Let’s talk about… General Election date

Perhaps the only bigger question than when election will be held is… when will we be told?

 

There’s a question that has been swirling around seemingly endlessly within Irish political conversations for the past while, with only heightened frequency as the obligatory post-Budget brouhaha dies down; a question, though eager for the answer, the public is no doubt tired of asking – when, oh when, will the General Election be held?

Indeed, the (relative) uncertainty surrounding which side of New Year’s polling day will fall, appears to be something even the politicians themselves have grown sick of – or as independent TD Mattie McGrath would put it (and indeed did put it while speaking in the Dáil last week), something that at this point, has “people driven demented”.

Prior to more recent days, Taoiseach Simon Harris had been able to dismiss much of the pressure to hold talks with Coalition party leaders about the date of the election, by citing the big ‘obstacle’ of the Budget as the more pressing priority.

“My position is that the election will be in due course, that it’s my prerogative to call the election, that I will do it in consultation with the other leaders, and that I want the Government to go full term,” he said at the time… while also repeatedly refusing to rule out the possibility of an election taking place this year.

Given Harris’s comments, the arrival of the Budget was always going to spark renewed pressure for such a talk between Coalition partners to occur and for an official decision to be reached. And of course, the actual announcement itself only added fuel to the fire that despite Harris’s full term assertions, a 2024 election could be on the mind. After all, though any last-year-of-term Budget is going to be susceptible to accusations of being a “pre-election Budget” – that is, a Budget made with the express priority of shinnying up the party/parties in power right in time for polling day – such accusations only hold more water when so much of the reaction to the Budget in question has been littered with critiques of its “unfocused over-spending” and allocation of once-off measures over more long-term solutions.

But even despite such critiques, the public will indeed see benefits from this recently-announced Budget that would be fresher on the mind were an election to take place next month, as opposed to next spring.
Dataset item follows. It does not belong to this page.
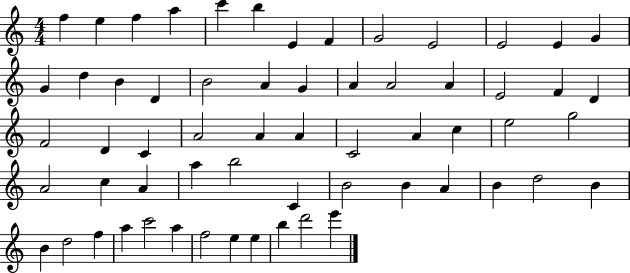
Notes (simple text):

F5/q E5/q F5/q A5/q C6/q B5/q E4/q F4/q G4/h E4/h E4/h E4/q G4/q G4/q D5/q B4/q D4/q B4/h A4/q G4/q A4/q A4/h A4/q E4/h F4/q D4/q F4/h D4/q C4/q A4/h A4/q A4/q C4/h A4/q C5/q E5/h G5/h A4/h C5/q A4/q A5/q B5/h C4/q B4/h B4/q A4/q B4/q D5/h B4/q B4/q D5/h F5/q A5/q C6/h A5/q F5/h E5/q E5/q B5/q D6/h E6/q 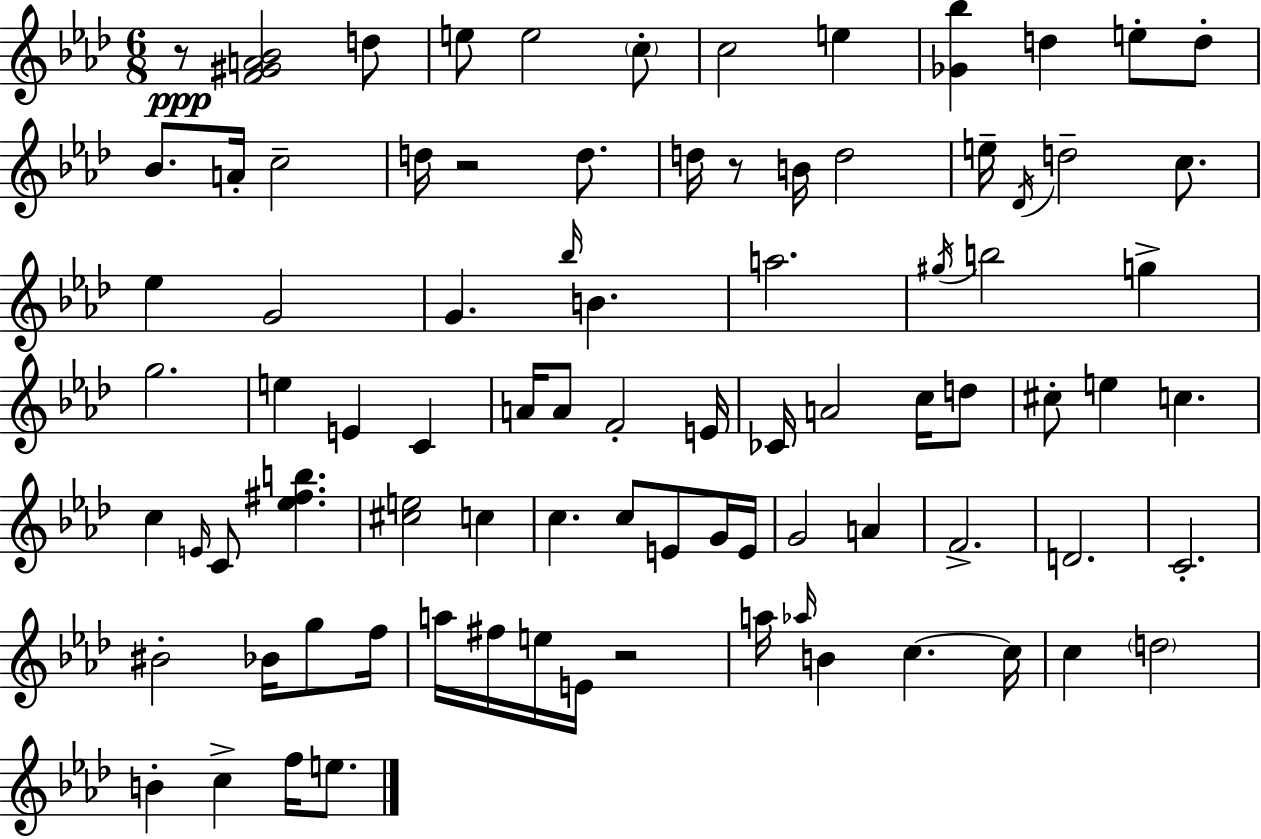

And that, potentially at least, could be a big item in the ‘2024 election’ pros list for the Government – but of course it’s far from being the most major potential-early-indication-indicator circulating in the media at the moment.

Recent days have seen multiple scandals erupt surrounding the Government’s main opposition party, Sinn Féin, from the Michael McMonagle controversy to Brian Stanley’s resignation. In fact, it appears that for the Coalition partners, with every passing day the argument for a speedier election is fortified by the latest Sinn Féin scandal to hit the broadsheets. Even the most earnest attempts at accountability and reform-professing from the main opposition party in response to these scandals would be hindered by an election held so hot on the heels of such revelations, while the shock and outrage is fresh and without adequate time for the full scope of things to be addressed.

Taoiseach Harris has insisted that the Sinn Féin scandal is “not a factor of (his) consideration” in calling a General Election, though his assessment that “the people of Ireland were duped” by the main opposition party is far from a characterisation – whatever its actual accuracy/non-accuracy – that paints the opposition the way they’d like pre-election.

Sinn Féin want to be talking about housing, about whatever failures of the Government we’ve seen over this term, about their plans and priorities, about all the stuff that earned them the surge in popularity we’d been beginning to see just a little while back. But of course, the need to address these recent scandals is imminent, and cannot be forgone in place of playing pre-election politics.

For the big two in the Coalition partnership, there is the shared pros of a generous Budget package and Sinn Féin’s fall in the public eye, but the pre-election inter-Coalition cracks are beginning to form too. This is not helped with Harris’s personal popularity putting Fine Gael at about 25% in opinion polls, with Fianna Fáil at 20%; and recent comments from Tánaiste Micheál Martin about how in the past, Coalition leaders once “communicated directly and not through the media”.

As such, further questions arise over whether if Harris indeed were to suggest an early election, would Martin be game? Harris does of course withhold the right to go straight to the President without the approval of his Coalition partners and ask for an early election, but it does not seem like a very Harris move.

Ultimately, the seemingly endlessly swirling question of when the election will be held remains (at the time of writing at least). For an answer, we will simply have to wait and see.

At this point, perhaps the only question being asked more in politics conversations at the moment than when will the election be held is: when can we expect to find out?